▸ AIM OF THE EXERCISE:
Copy the data below exactly. Any pictures in it should be omitted.

▸ DATA BLOCK:
·····

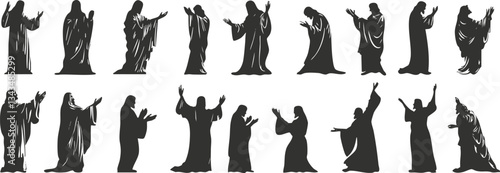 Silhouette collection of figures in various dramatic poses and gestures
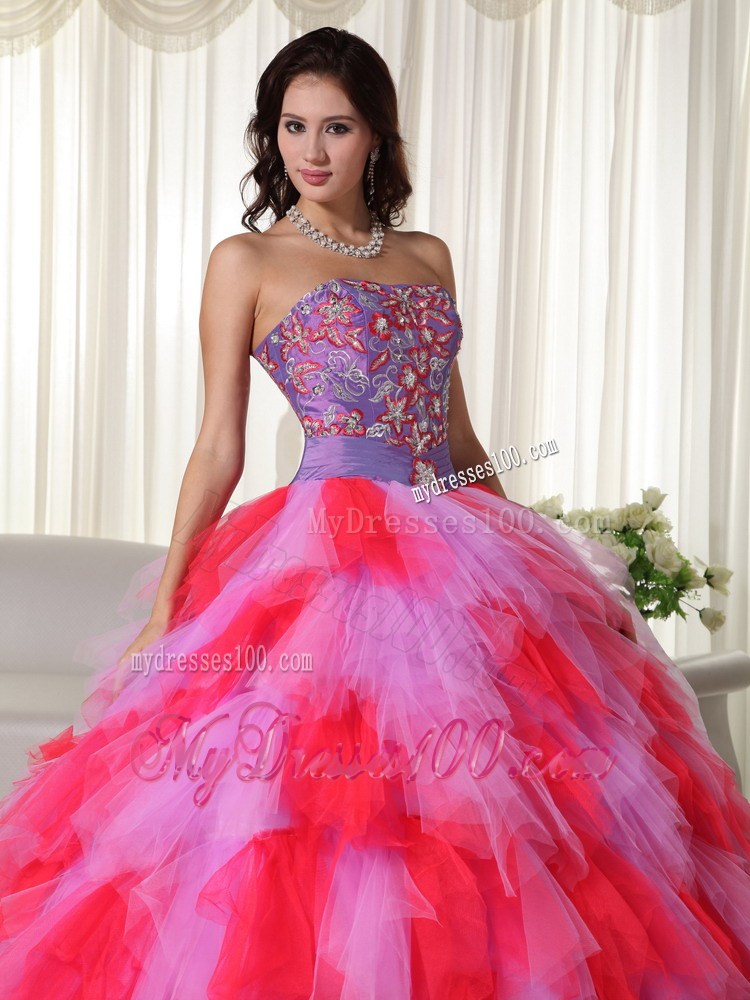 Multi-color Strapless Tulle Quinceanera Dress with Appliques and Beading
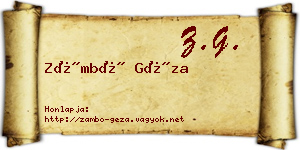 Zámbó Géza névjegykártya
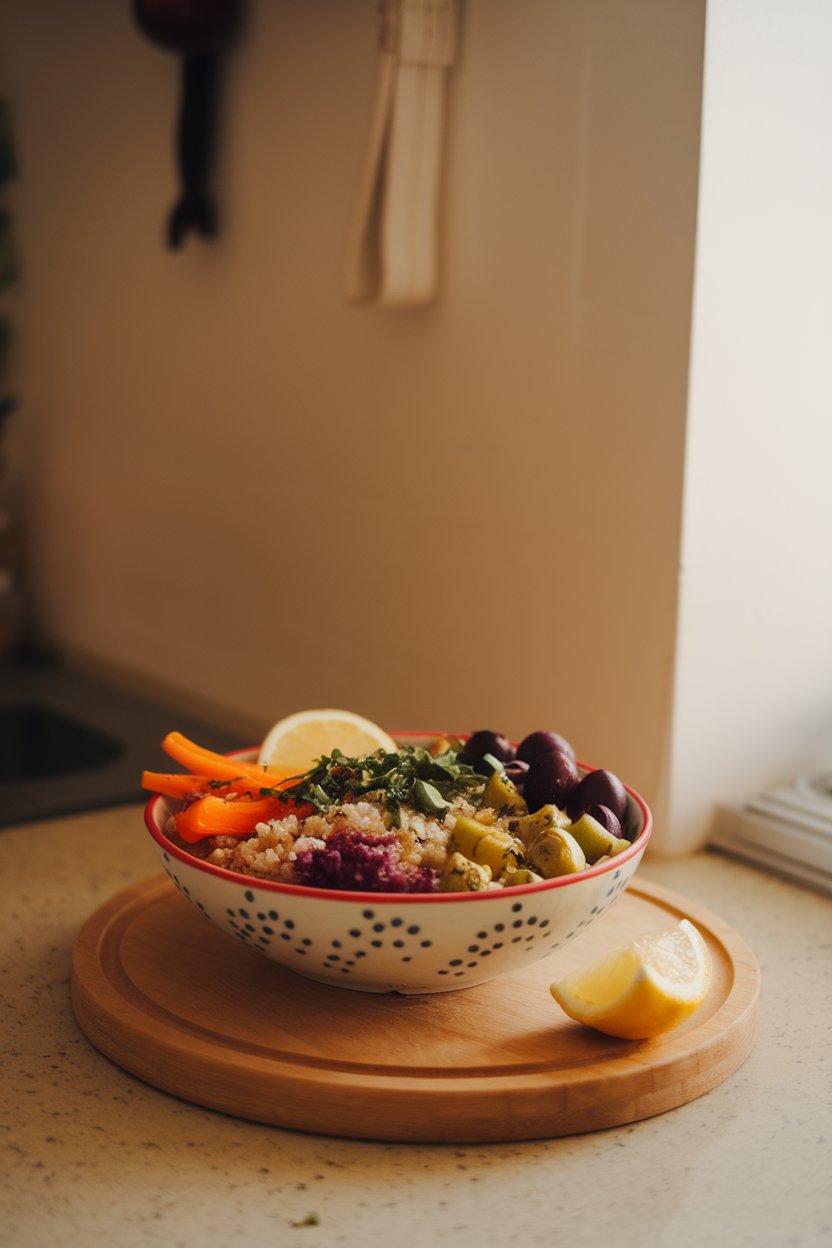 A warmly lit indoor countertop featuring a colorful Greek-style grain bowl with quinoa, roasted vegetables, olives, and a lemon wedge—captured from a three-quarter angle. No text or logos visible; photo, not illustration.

·····

▸ RESPONSE BOX:
 Silhouette collection of figures in various dramatic poses and gestures
 Multi-color Strapless Tulle Quinceanera Dress with Appliques and Beading
 Zámbó Géza névjegykártya
 A warmly lit indoor countertop featuring a colorful Greek-style grain bowl with quinoa, roasted vegetables, olives, and a lemon wedge—captured from a three-quarter angle. No text or logos visible; photo, not illustration.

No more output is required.